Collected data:
************

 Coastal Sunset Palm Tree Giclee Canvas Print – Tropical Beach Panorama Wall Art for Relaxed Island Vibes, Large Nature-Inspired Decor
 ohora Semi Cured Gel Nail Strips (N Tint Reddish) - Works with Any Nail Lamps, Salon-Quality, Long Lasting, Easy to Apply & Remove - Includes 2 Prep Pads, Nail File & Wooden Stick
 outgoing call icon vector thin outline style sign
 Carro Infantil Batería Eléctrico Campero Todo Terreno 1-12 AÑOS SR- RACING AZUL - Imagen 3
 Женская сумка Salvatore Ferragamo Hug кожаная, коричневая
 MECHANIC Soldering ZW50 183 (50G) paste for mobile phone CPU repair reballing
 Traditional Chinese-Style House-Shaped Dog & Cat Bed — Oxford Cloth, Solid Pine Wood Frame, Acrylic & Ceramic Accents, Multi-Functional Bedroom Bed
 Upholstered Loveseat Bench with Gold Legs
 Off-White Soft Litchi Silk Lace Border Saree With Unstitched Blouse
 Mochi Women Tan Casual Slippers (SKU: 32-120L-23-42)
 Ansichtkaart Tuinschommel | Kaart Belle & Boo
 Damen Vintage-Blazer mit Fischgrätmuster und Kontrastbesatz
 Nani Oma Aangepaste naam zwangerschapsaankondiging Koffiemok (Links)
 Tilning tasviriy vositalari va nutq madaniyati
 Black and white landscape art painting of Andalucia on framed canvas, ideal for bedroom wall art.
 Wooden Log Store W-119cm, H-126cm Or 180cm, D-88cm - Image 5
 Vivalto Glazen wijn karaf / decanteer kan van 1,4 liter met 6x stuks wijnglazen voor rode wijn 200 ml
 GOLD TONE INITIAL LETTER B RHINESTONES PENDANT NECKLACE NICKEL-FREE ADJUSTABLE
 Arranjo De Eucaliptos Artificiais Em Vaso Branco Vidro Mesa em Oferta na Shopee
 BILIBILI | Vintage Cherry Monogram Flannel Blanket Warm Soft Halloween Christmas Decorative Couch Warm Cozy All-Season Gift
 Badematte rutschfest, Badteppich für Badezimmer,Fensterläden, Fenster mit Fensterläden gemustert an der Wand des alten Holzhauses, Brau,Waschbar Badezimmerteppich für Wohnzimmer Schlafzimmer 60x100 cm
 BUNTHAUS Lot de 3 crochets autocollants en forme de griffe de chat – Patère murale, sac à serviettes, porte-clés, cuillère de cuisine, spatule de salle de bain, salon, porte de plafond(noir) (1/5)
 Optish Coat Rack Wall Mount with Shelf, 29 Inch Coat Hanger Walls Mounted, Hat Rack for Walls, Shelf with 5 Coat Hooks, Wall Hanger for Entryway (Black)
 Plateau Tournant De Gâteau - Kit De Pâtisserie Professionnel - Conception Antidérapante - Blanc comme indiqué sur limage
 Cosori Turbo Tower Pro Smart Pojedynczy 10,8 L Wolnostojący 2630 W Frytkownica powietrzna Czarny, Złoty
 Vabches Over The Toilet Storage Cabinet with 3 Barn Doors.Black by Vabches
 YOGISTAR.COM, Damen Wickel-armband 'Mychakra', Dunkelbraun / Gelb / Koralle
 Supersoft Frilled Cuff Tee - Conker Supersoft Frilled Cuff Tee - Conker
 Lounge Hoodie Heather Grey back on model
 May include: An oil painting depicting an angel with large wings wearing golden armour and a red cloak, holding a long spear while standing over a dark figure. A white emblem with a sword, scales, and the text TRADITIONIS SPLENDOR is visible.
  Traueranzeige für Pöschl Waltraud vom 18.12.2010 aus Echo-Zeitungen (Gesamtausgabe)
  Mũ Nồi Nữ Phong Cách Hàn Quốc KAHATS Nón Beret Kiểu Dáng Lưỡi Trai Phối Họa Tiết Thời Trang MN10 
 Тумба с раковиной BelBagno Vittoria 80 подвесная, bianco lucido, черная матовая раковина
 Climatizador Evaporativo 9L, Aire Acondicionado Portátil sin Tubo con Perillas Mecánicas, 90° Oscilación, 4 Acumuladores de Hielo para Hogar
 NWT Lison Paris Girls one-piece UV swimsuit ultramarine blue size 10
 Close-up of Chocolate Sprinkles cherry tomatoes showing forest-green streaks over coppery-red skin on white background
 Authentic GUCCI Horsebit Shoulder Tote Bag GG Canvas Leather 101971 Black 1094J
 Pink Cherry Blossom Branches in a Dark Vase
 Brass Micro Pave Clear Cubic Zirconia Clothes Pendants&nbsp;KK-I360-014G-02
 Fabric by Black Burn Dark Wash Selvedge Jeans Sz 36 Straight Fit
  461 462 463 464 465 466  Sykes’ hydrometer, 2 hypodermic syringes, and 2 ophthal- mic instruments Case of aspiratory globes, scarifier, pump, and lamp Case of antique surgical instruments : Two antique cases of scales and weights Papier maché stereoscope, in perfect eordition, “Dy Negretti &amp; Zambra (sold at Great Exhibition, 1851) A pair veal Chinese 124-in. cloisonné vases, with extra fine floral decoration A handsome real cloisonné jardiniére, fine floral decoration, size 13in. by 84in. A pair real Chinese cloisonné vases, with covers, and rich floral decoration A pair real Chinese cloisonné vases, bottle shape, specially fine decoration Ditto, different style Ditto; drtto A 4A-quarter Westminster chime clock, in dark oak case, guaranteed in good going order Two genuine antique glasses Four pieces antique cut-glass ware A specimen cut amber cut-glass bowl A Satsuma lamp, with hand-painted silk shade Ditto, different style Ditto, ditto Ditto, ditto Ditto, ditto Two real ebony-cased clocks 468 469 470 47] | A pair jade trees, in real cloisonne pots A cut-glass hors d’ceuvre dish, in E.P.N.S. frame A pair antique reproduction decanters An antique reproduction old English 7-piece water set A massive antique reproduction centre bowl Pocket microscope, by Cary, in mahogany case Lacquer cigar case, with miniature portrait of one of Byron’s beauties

************

Output all records exactly, with nothing added or dropped.

 Coastal Sunset Palm Tree Giclee Canvas Print – Tropical Beach Panorama Wall Art for Relaxed Island Vibes, Large Nature-Inspired Decor
 ohora Semi Cured Gel Nail Strips (N Tint Reddish) - Works with Any Nail Lamps, Salon-Quality, Long Lasting, Easy to Apply & Remove - Includes 2 Prep Pads, Nail File & Wooden Stick
 outgoing call icon vector thin outline style sign
 Carro Infantil Batería Eléctrico Campero Todo Terreno 1-12 AÑOS SR- RACING AZUL - Imagen 3
 Женская сумка Salvatore Ferragamo Hug кожаная, коричневая
 MECHANIC Soldering ZW50 183 (50G) paste for mobile phone CPU repair reballing
 Traditional Chinese-Style House-Shaped Dog & Cat Bed — Oxford Cloth, Solid Pine Wood Frame, Acrylic & Ceramic Accents, Multi-Functional Bedroom Bed
 Upholstered Loveseat Bench with Gold Legs
 Off-White Soft Litchi Silk Lace Border Saree With Unstitched Blouse
 Mochi Women Tan Casual Slippers (SKU: 32-120L-23-42)
 Ansichtkaart Tuinschommel | Kaart Belle & Boo
 Damen Vintage-Blazer mit Fischgrätmuster und Kontrastbesatz
 Nani Oma Aangepaste naam zwangerschapsaankondiging Koffiemok (Links)
 Tilning tasviriy vositalari va nutq madaniyati
 Black and white landscape art painting of Andalucia on framed canvas, ideal for bedroom wall art.
 Wooden Log Store W-119cm, H-126cm Or 180cm, D-88cm - Image 5
 Vivalto Glazen wijn karaf / decanteer kan van 1,4 liter met 6x stuks wijnglazen voor rode wijn 200 ml
 GOLD TONE INITIAL LETTER B RHINESTONES PENDANT NECKLACE NICKEL-FREE ADJUSTABLE
 Arranjo De Eucaliptos Artificiais Em Vaso Branco Vidro Mesa em Oferta na Shopee
 BILIBILI | Vintage Cherry Monogram Flannel Blanket Warm Soft Halloween Christmas Decorative Couch Warm Cozy All-Season Gift
 Badematte rutschfest, Badteppich für Badezimmer,Fensterläden, Fenster mit Fensterläden gemustert an der Wand des alten Holzhauses, Brau,Waschbar Badezimmerteppich für Wohnzimmer Schlafzimmer 60x100 cm
 BUNTHAUS Lot de 3 crochets autocollants en forme de griffe de chat – Patère murale, sac à serviettes, porte-clés, cuillère de cuisine, spatule de salle de bain, salon, porte de plafond(noir) (1/5)
 Optish Coat Rack Wall Mount with Shelf, 29 Inch Coat Hanger Walls Mounted, Hat Rack for Walls, Shelf with 5 Coat Hooks, Wall Hanger for Entryway (Black)
 Plateau Tournant De Gâteau - Kit De Pâtisserie Professionnel - Conception Antidérapante - Blanc comme indiqué sur limage
 Cosori Turbo Tower Pro Smart Pojedynczy 10,8 L Wolnostojący 2630 W Frytkownica powietrzna Czarny, Złoty
 Vabches Over The Toilet Storage Cabinet with 3 Barn Doors.Black by Vabches
 YOGISTAR.COM, Damen Wickel-armband 'Mychakra', Dunkelbraun / Gelb / Koralle
 Supersoft Frilled Cuff Tee - Conker Supersoft Frilled Cuff Tee - Conker
 Lounge Hoodie Heather Grey back on model
 May include: An oil painting depicting an angel with large wings wearing golden armour and a red cloak, holding a long spear while standing over a dark figure. A white emblem with a sword, scales, and the text TRADITIONIS SPLENDOR is visible.
  Traueranzeige für Pöschl Waltraud vom 18.12.2010 aus Echo-Zeitungen (Gesamtausgabe)
  Mũ Nồi Nữ Phong Cách Hàn Quốc KAHATS Nón Beret Kiểu Dáng Lưỡi Trai Phối Họa Tiết Thời Trang MN10 
 Тумба с раковиной BelBagno Vittoria 80 подвесная, bianco lucido, черная матовая раковина
 Climatizador Evaporativo 9L, Aire Acondicionado Portátil sin Tubo con Perillas Mecánicas, 90° Oscilación, 4 Acumuladores de Hielo para Hogar
 NWT Lison Paris Girls one-piece UV swimsuit ultramarine blue size 10
 Close-up of Chocolate Sprinkles cherry tomatoes showing forest-green streaks over coppery-red skin on white background
 Authentic GUCCI Horsebit Shoulder Tote Bag GG Canvas Leather 101971 Black 1094J
 Pink Cherry Blossom Branches in a Dark Vase
 Brass Micro Pave Clear Cubic Zirconia Clothes Pendants&nbsp;KK-I360-014G-02
 Fabric by Black Burn Dark Wash Selvedge Jeans Sz 36 Straight Fit
  461 462 463 464 465 466  Sykes’ hydrometer, 2 hypodermic syringes, and 2 ophthal- mic instruments Case of aspiratory globes, scarifier, pump, and lamp Case of antique surgical instruments : Two antique cases of scales and weights Papier maché stereoscope, in perfect eordition, “Dy Negretti &amp; Zambra (sold at Great Exhibition, 1851) A pair veal Chinese 124-in. cloisonné vases, with extra fine floral decoration A handsome real cloisonné jardiniére, fine floral decoration, size 13in. by 84in. A pair real Chinese cloisonné vases, with covers, and rich floral decoration A pair real Chinese cloisonné vases, bottle shape, specially fine decoration Ditto, different style Ditto; drtto A 4A-quarter Westminster chime clock, in dark oak case, guaranteed in good going order Two genuine antique glasses Four pieces antique cut-glass ware A specimen cut amber cut-glass bowl A Satsuma lamp, with hand-painted silk shade Ditto, different style Ditto, ditto Ditto, ditto Ditto, ditto Two real ebony-cased clocks 468 469 470 47] | A pair jade trees, in real cloisonne pots A cut-glass hors d’ceuvre dish, in E.P.N.S. frame A pair antique reproduction decanters An antique reproduction old English 7-piece water set A massive antique reproduction centre bowl Pocket microscope, by Cary, in mahogany case Lacquer cigar case, with miniature portrait of one of Byron’s beauties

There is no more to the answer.